McGavran quickly recognized and was deeply troubled over this morphing of his original understanding of church growth. In his latter years, he saw that church growth had become everything under the sun. It had moved away from its biblical foundation and missiological principles. Putting pen to paper, he published his last book Effective Evangelism: A Theological Mandate (1988), calling for a change in church growth nomenclature and definition.
Language communicates truth, culture, and is supported by and shaped by theology.
While I have not discarded the familiar language of mission, missions, and missionary, I have been using apostolic as part of our nomenclature. In print, I started this in 2009 in Discovering Church Planting, and even more so in 2015 with To the Edge, and Apostolic Church Planting.

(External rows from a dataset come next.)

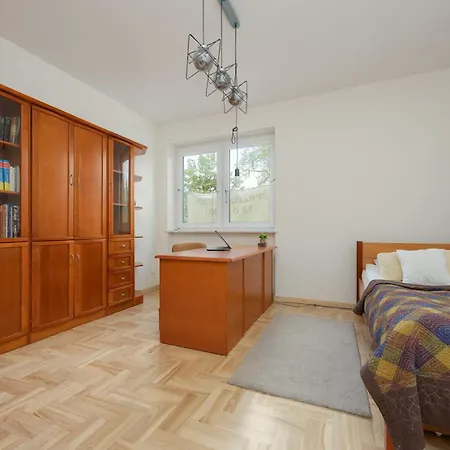 Spacious With 4 Bedrooms And Parking In Warsaw's Ochota By Nolegi Renters Apartamento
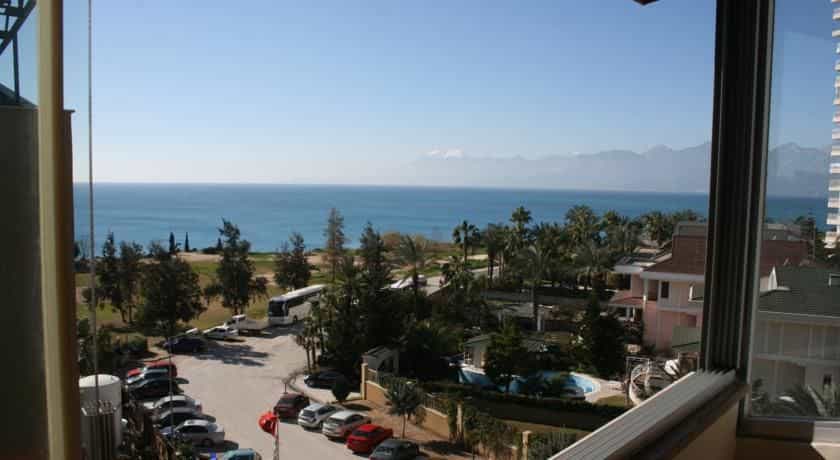Prima Hotel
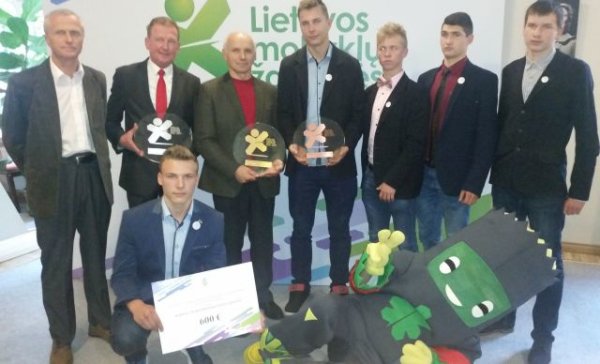 Iš Vilniaus parsivežė garbingus apdovanojimus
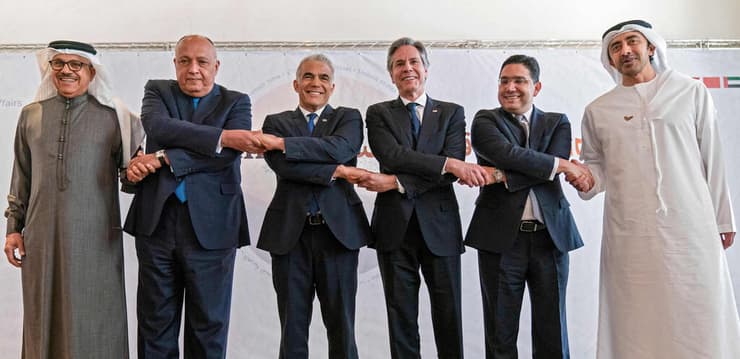 מנהיגי פסגת הנגב משלבים ידיים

Yes, I am aware of some of the challenges of such language. It should be noted that I disagree with much of the 1990s New Apostolic Movement teaching and at times uncomfortable with some of the APEST conversations today. Until I am able to unpack in detail my theology behind the use of the adjective apostolic, you will have to draw conclusions from my aforementioned resources (Also, listen to my podcast: The Need for Apostolic Missiology).
Missions is derived from a Latin word, not Greek. It became a descriptor for the sending work of the Church, and eventually morphed to include a wide-range of activities done in the name of Jesus, many of which had no connection to making disciples of unreached peoples, gathering them into churches, and raising up their own leaders. The first known use of mission was in 1530 and possibly had connection to the Jesuits by the 1590s. It seems that 30 years later, mission included matters related to international business and politics. The first known use of missionary was 1625.

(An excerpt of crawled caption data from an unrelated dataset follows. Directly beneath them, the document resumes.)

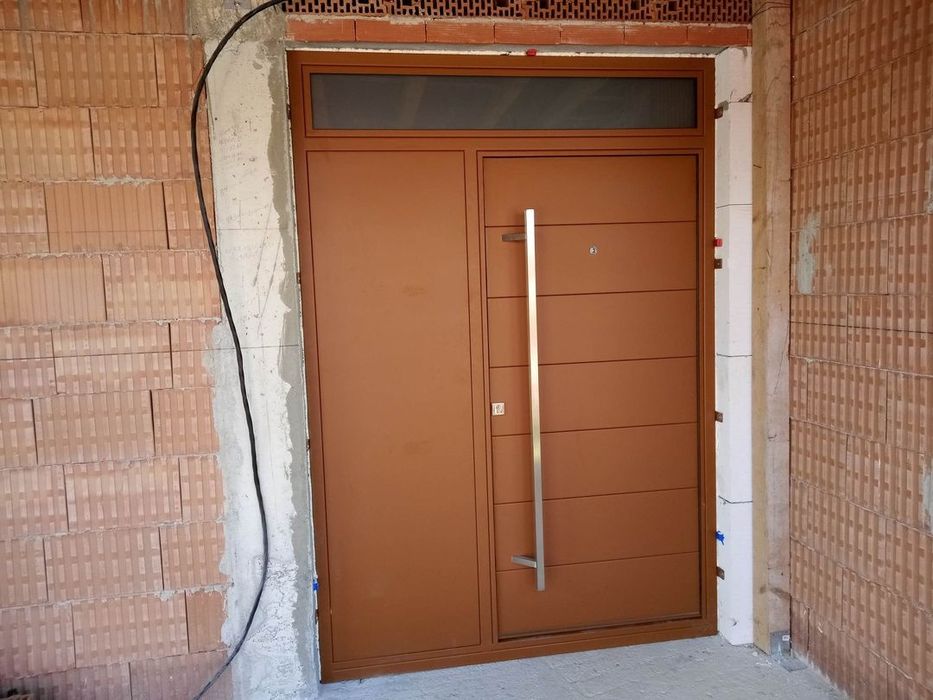 Входни врати, гаражни, блиндирани взломо устойчиви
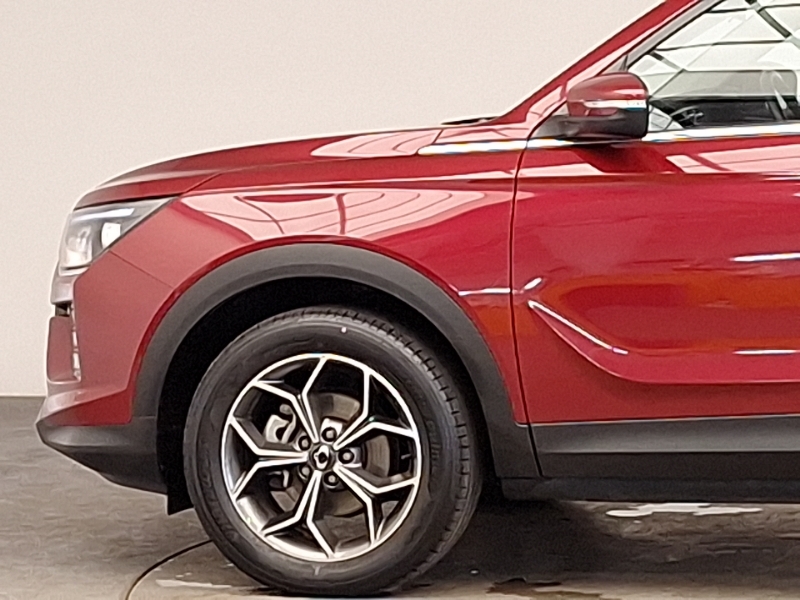 SsangYong Korando Ultimate E-motion Black #19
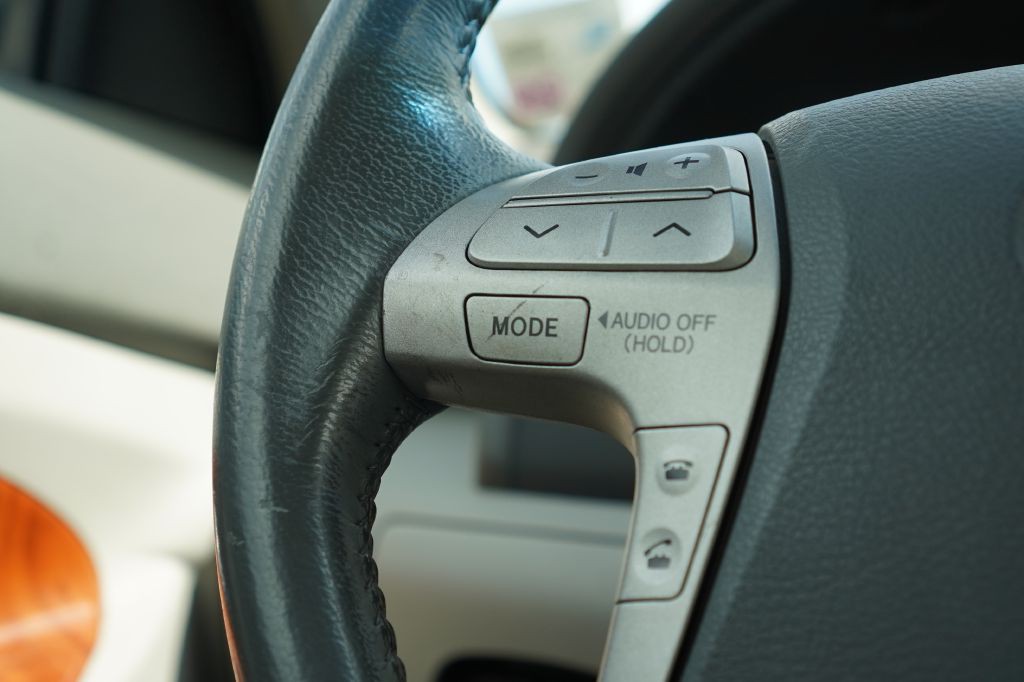 2010 Toyota Camry Image 12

The health of the Church is diminished the further we move away from both biblical language and truth. Dynamic equivalents and contemporary expressions may be good and helpful at times, but always to be aggressively evaluated for maintaining biblical faithfulness and fostering Church health.
Yes, I know getting rid of the terms mission, missions, and missionary would rock our world–imagine how much money agencies would have to spend on changing business cards and mailing addresses. But maybe that is a small price to pay for a more excellent way.